### WHAT IS REQUIRED:
Every line from the one with "تيشيرت بياقة مستديرة" through the final line of the data below goes in the answer, copied exactly. Pictures do not.

### DATA BELOW:
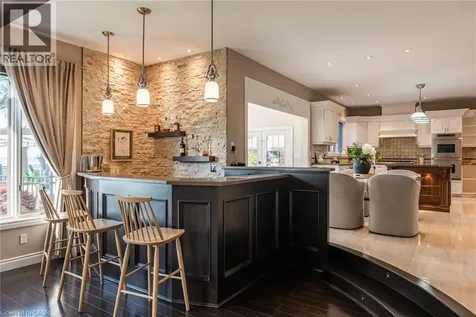 17 Lochside Drive Stoney Creek ON L8E 5T6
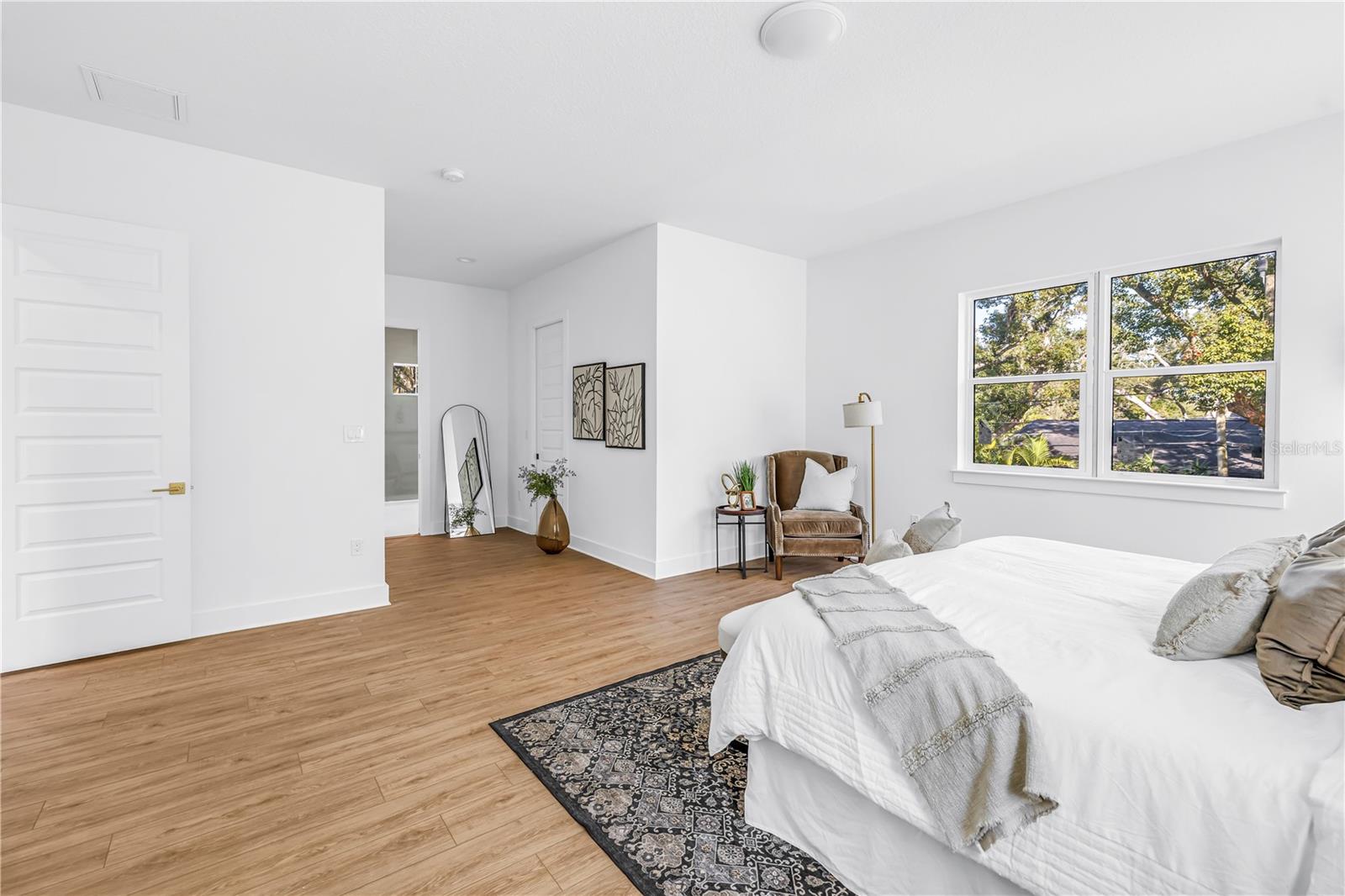 Image 21 of 49 For 1025 42nd Avenue N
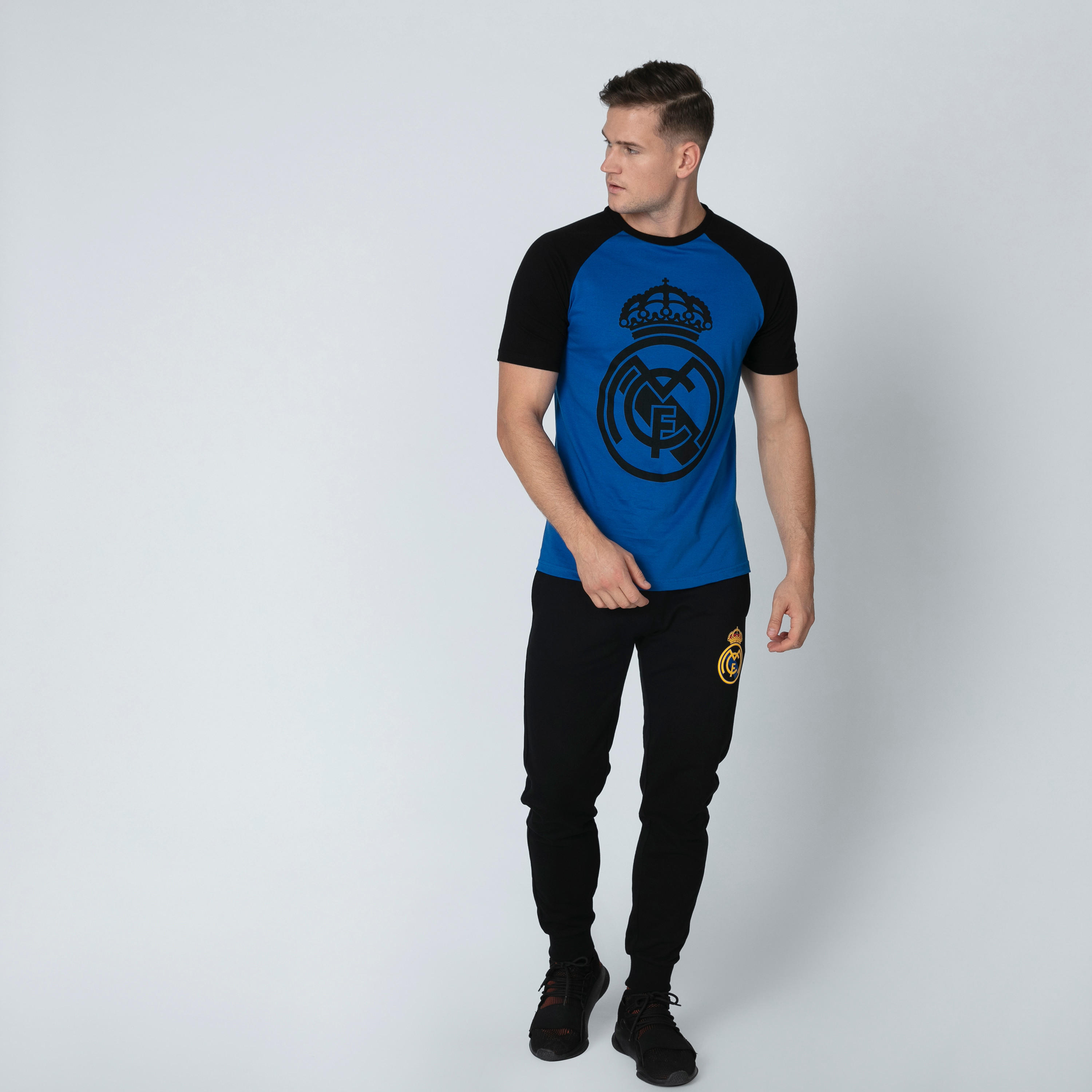 تيشيرت بياقة مستديرة وأكمام مغايرة وطبعات ريال مدريد-men-clothing-sportswearandactivewear-tshirtsandpolos-image-1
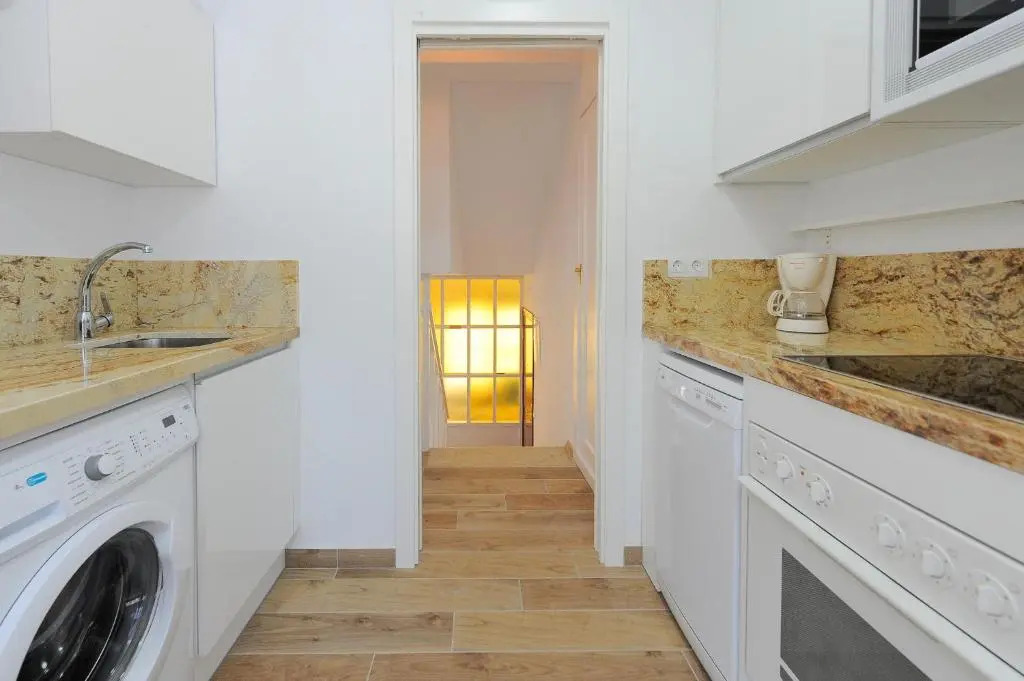 Sea Views Aloha Apartment by GHR Rentals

### WRITTEN RESPONSE:
 تيشيرت بياقة مستديرة وأكمام مغايرة وطبعات ريال مدريد-men-clothing-sportswearandactivewear-tshirtsandpolos-image-1
 Sea Views Aloha Apartment by GHR Rentals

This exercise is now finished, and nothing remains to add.